Today, I present a modified HDFS sink for Flume, purely a prototype, with support for one-to-one file creation for each event. This sink assumes that events will be ingested, or later intercepted to have a header associated with the event with the destination filename.
First, we define a new configuration variable to determine that for a particular HDFS sink, we want one event created per event.

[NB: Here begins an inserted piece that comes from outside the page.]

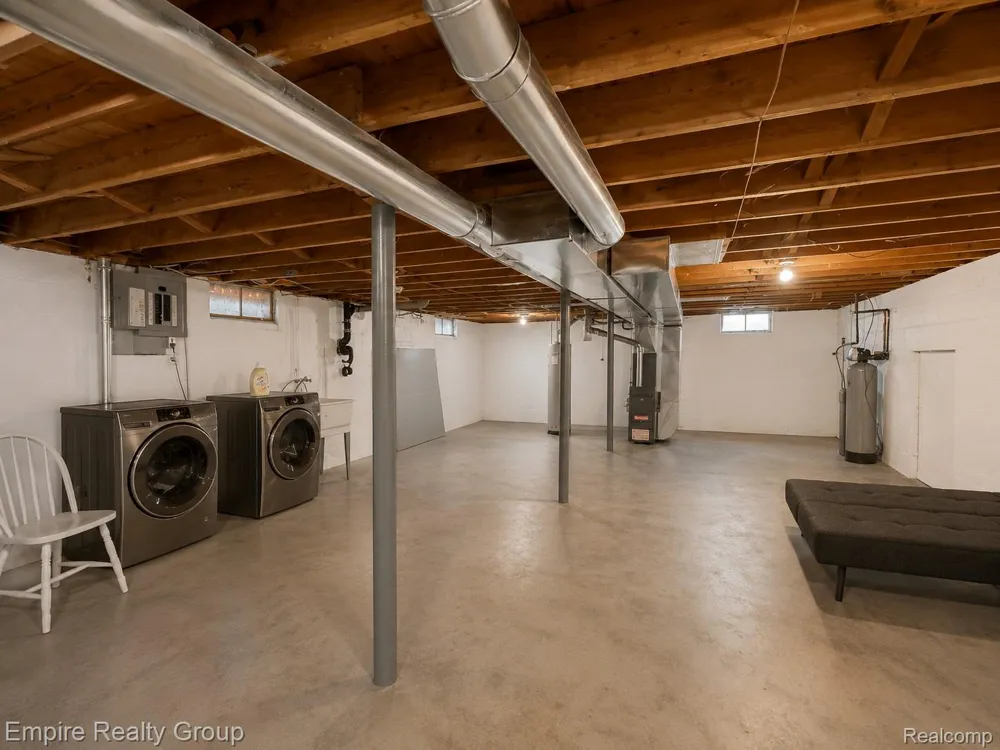 2997 Woodlawn Street Commerce Charter Township, MI 48390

agent.sinks.hdfs-sink.hdfs.singleBucket = true
Now, let’s modify the HDFS Event Sink that comes standard with Flume to use this configuration variable as a determination to perform this alternate type of write.
// Extract headers.
Map<String, String> headers = event.getHeaders();
String destinationName = headers.get("destinationName");
if(singleBucket && destinationName != null) {
bucketWriter.appendSingle(event, destinationName);
} else {
bucketWriter.append(event);
}
Now, let’s implement the writer to create one file per event, based on the header that’s been appended to the event object.
/**
* Write a single object to HDFS.
*
* @throws IOException
* @throws InterruptedException
*/
public synchronized void appendSingle(final Event event, final String destinationName)

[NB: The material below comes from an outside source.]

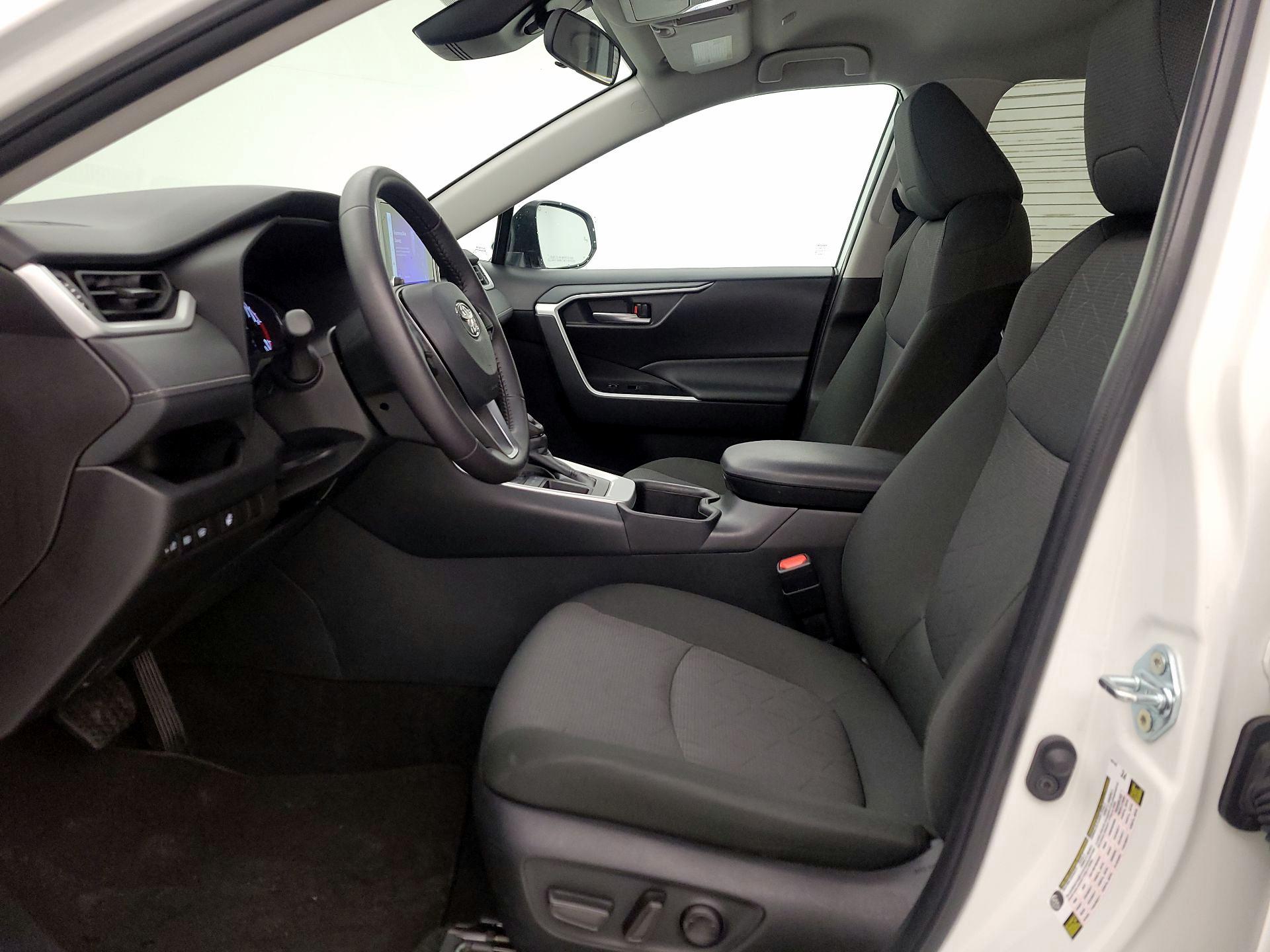 Thumbnail: 2025 Toyota RAV4 - 11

throws IOException, InterruptedException {
if ((filePath == null) || (writer == null)) {
throw new IOException("Invalid file settings");
}
final Configuration config = new Configuration();
// disable FileSystem JVM shutdown hook
config.setBoolean("fs.automatic.close", false);
synchronized (staticLock) {
checkAndThrowInterruptedException();
if(destinationName != null) {
try {
bucketPath = filePath + "/" + destinationName + inUseSuffix;
targetPath = filePath + "/" + destinationName;
LOG.info("Creating " + bucketPath);
callWithTimeout(new CallRunner<Void>() {
@Override
public Void call() throws Exception {
// Open.
if (codeC == null) {
// Need to get reference to FS using above config before underlying
// writer does in order to avoid shutdown hook & IllegalStateExceptions
fileSystem = new Path(bucketPath).getFileSystem(config);
writer.open(bucketPath);
} else {
// need to get reference to FS before writer does to avoid shutdown hook
fileSystem = new Path(bucketPath).getFileSystem(config);
writer.open(bucketPath, codeC, compType);
}
// Increment counters.
sinkCounter.incrementConnectionCreatedCount();
resetCounters();
// Write.
sinkCounter.incrementEventDrainAttemptCount();
writer.append(event);
writer.sync();
// Close.
writer.close();
sinkCounter.incrementConnectionClosedCount();
// Rename.
renameBucket();
return null;
}
});
} catch (Exception ex) {
sinkCounter.incrementConnectionFailedCount();
if (ex instanceof IOException) {
throw (IOException) ex;
} else {
throw Throwables.propagate(ex);
}
}
}
}
}
The code for this prototype is available on GitHub.